[Opening SUPPLIED MATERIAL section]

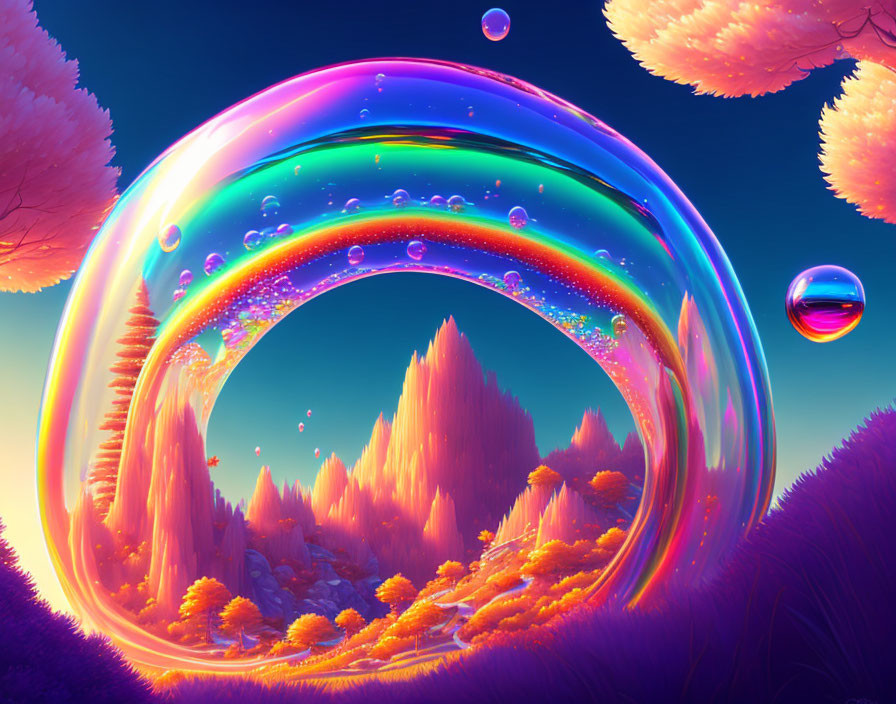 Surreal digital artwork: orange foliage under iridescent soap bubble arch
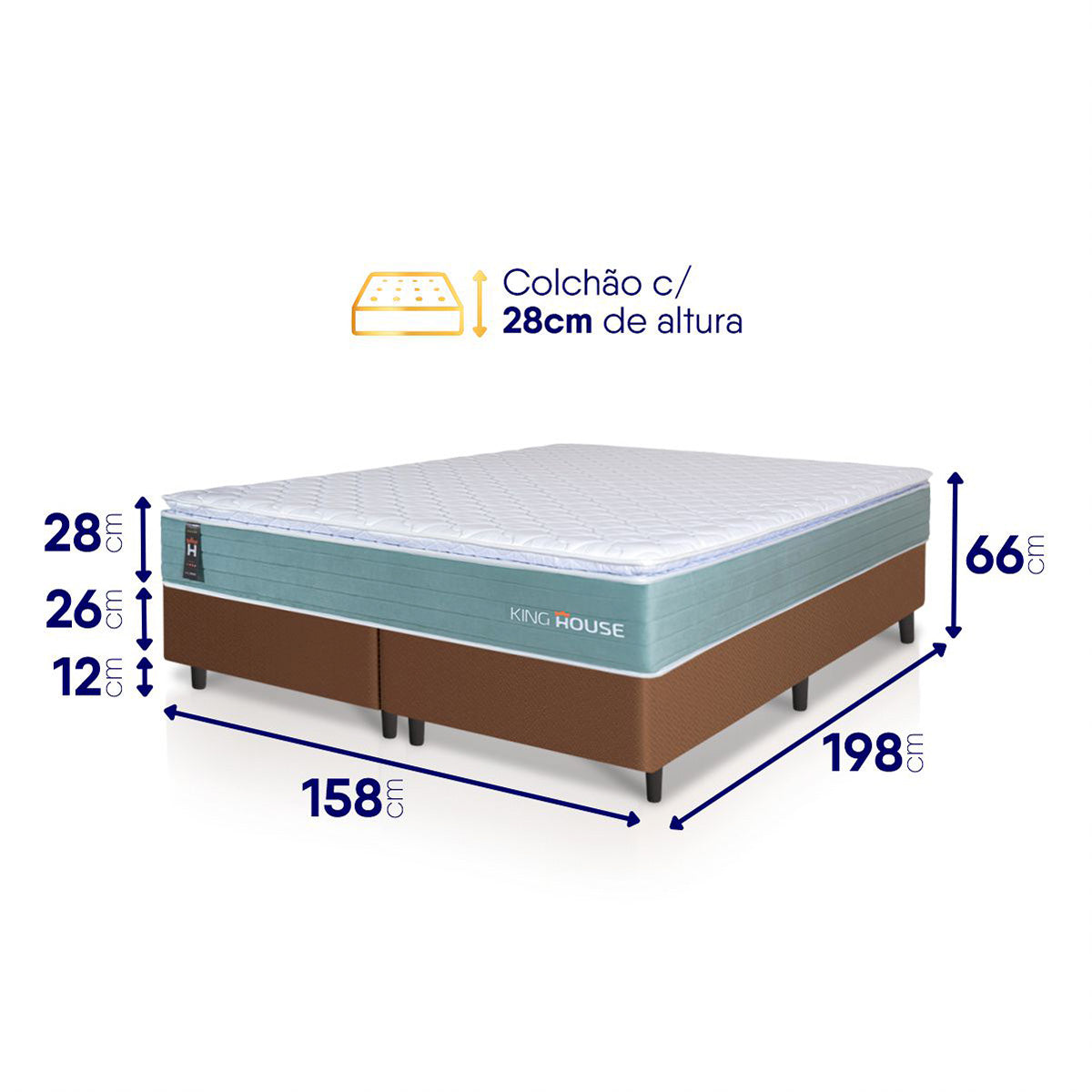 Cama Box Lagos Molas Ensacadas Queen 158x198 King House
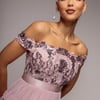 Goddiva Scallop Bardot Ruffle Mesh Maxi - Blush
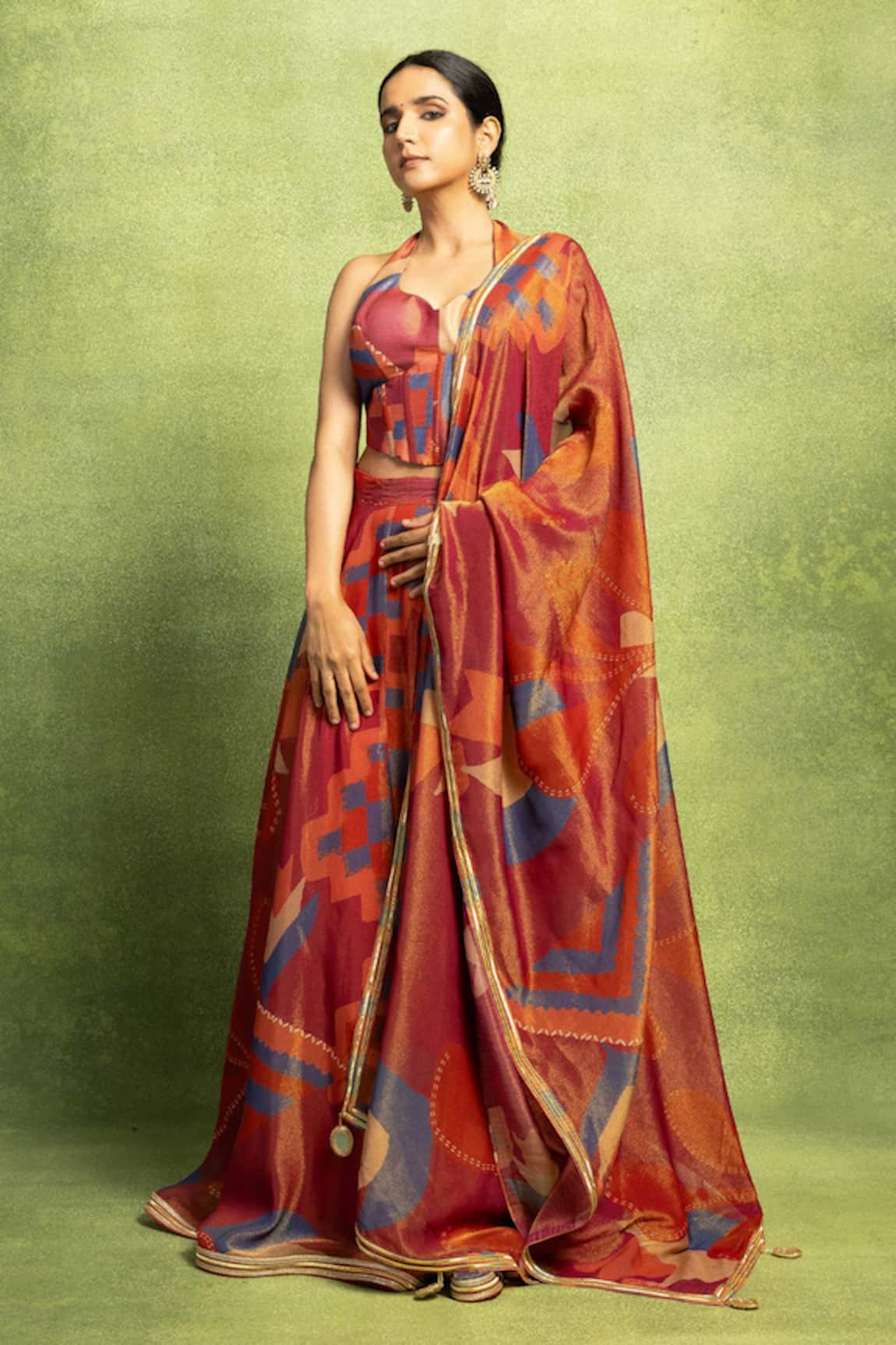 Vedika M Abstract Print Lehenga Set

[Closing SUPPLIED MATERIAL section]

▶ [WORK INSTRUCTIONS]
Reproduce the material above in full and without alteration, but skip all pictures.

▶ [ANSWER TO THE PROBLEM]
 Surreal digital artwork: orange foliage under iridescent soap bubble arch
 Cama Box Lagos Molas Ensacadas Queen 158x198 King House
 Goddiva Scallop Bardot Ruffle Mesh Maxi - Blush
 Vedika M Abstract Print Lehenga Set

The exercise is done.